DreamWorks' Stacey Snider Addresses Studio's Money Issues (Exclusive)
UPDATED: "'The Help' went a long way towards helping us" after "Cowboys & Aliens" hurt the studio's bottom line, the executive admits to THR, adding that any talk of financial problems or a lack of support from its Indian backers is untrue.
Never was a movie more aptly named than The Help. Coming off a string of disappointments, the unlikely blockbuster’s box-office performance came at an opportune time for DreamWorks, which has stumbled with its first releases I Am Number Four, Fright Night and most notably, the costly Cowboys & Aliens.
Still, the industry is watching the reconstituted Steven Spielberg studio closely as speculation has intensified in recent weeks about the company’s financial status and the degree of support that it might -- or might not -- be receiving from its main backer, India’s Reliance. In particular, Hollywood will be focusing on the performance of the next pricey DreamWorks bet, Shawn Levy’s $110 million-budgeted Real Steel.
In an interview with The Hollywood Reporter, DreamWorks CEO Stacey Snider acknowledged that Cowboys was a big setback both personally and financially for the company. But she said any chatter that DreamWorks is in a financial squeeze is inaccurate. She said Reliance has not wavered in its support and specifically denies rumors that DreamWorks staff has been ordered to cut off expenses.
“We have not changed our expenses, we have not laid anyone off. We have no plans to lay anyone off or to reduce expenses,” she said.

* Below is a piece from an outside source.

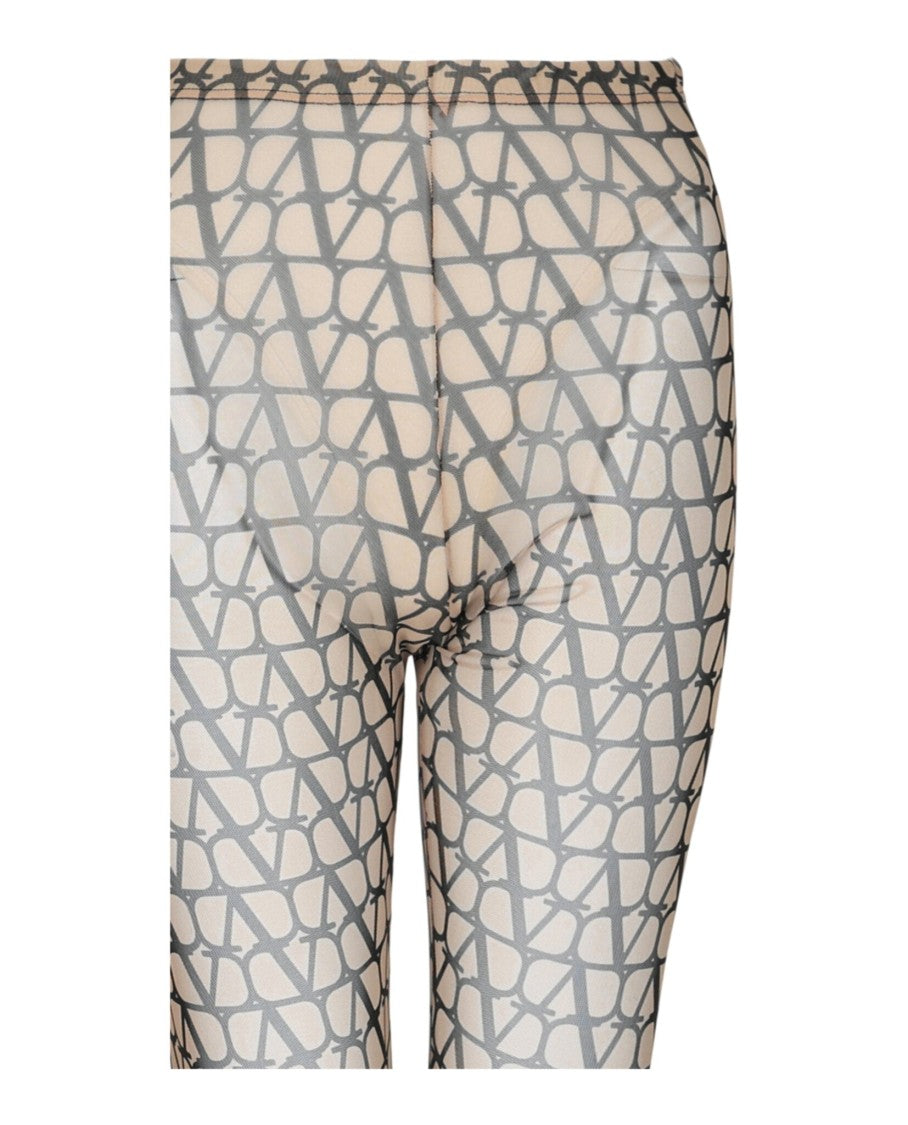 Valentino Sheer Vlogo Tights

Snider also expressed confidence in Real Steel, a boxing drama starring Hugh Jackman and gigantic robots, which opens domestically Oct. 7.
“There is a financial loss, a hit that we took with Cowboys that we are able to absorb, not perfectly, but we are able to absorb it,” Snider said. “The Help went a long way towards helping us. And because of that, our partners can say, 'Keep going. We’re behind you. You’ve got the money -- make movies.’ . . . We have absolute support from our partners. That is real, it is expressed, it is explicit.”

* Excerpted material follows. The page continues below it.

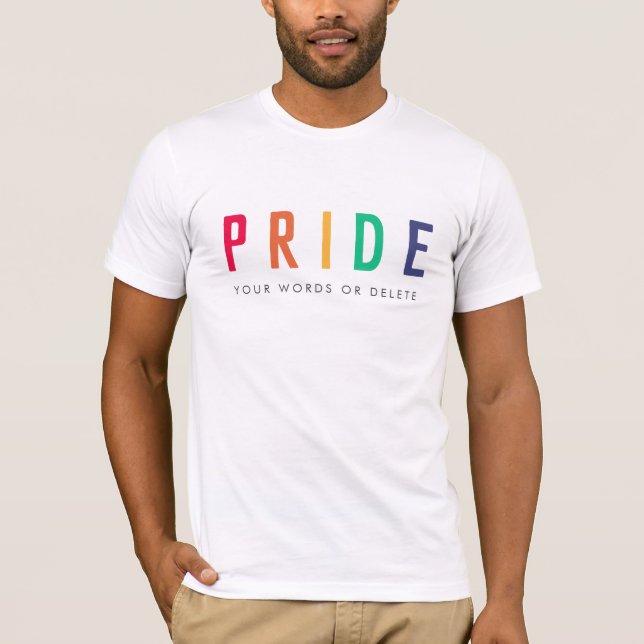 T-shirt fierté | LGBTQ Gay Rainbow moderne (Devant)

One area where Hollywood might have noted a change, Snider said, is that DreamWorks has slowed its purchases of scripts. Though the company just optioned Roald Dahl’s children’s story BFG, DreamWorks will work with material that is already in the cupboard. “I have definitely said to our executives, 'Let’s turn these into movies, not meetings,’ ” she said. “I just think that’s prudent management.”
Snider acknowledges that Real Steel is “an important movie to us in a couple of different ways. We love it and really, really believe in it and it’s a sizable bet for us.” Two weeks out, awareness of the movie is not high and tracking is not strong among women. Snider says she is happy with the tracking and that the plan was to start out marketing to men and broaden to a general audience. But since the film is not associated with a well-known toy or game, she says marketing will be key.
So far The Help, which cost $26 million, has grossed $155 million and counting. The film was in profit at the $60 million point, according to Snider, and while it only has opened in a few foreign markets, it’s off to a strong start -- in contrast to the expectations at DreamWorks that it would not perform overseas at all. Co-financier Participant Media ponied up a third of the budget.
DreamWorks faced challenges out of the gate, scouring for financing as the recession hit in 2008. The company set up $325 million in bank financing, which fell significantly short of its original goal. It also received a loan from Disney, which distributes its films, and Reliance matched the bank loans with $325 million in funding. After Real Steel, the next DreamWorks film will be Spielberg's War Horse at Christmas.
*Editor's note: Roald Dahl's name spelling has been corrected.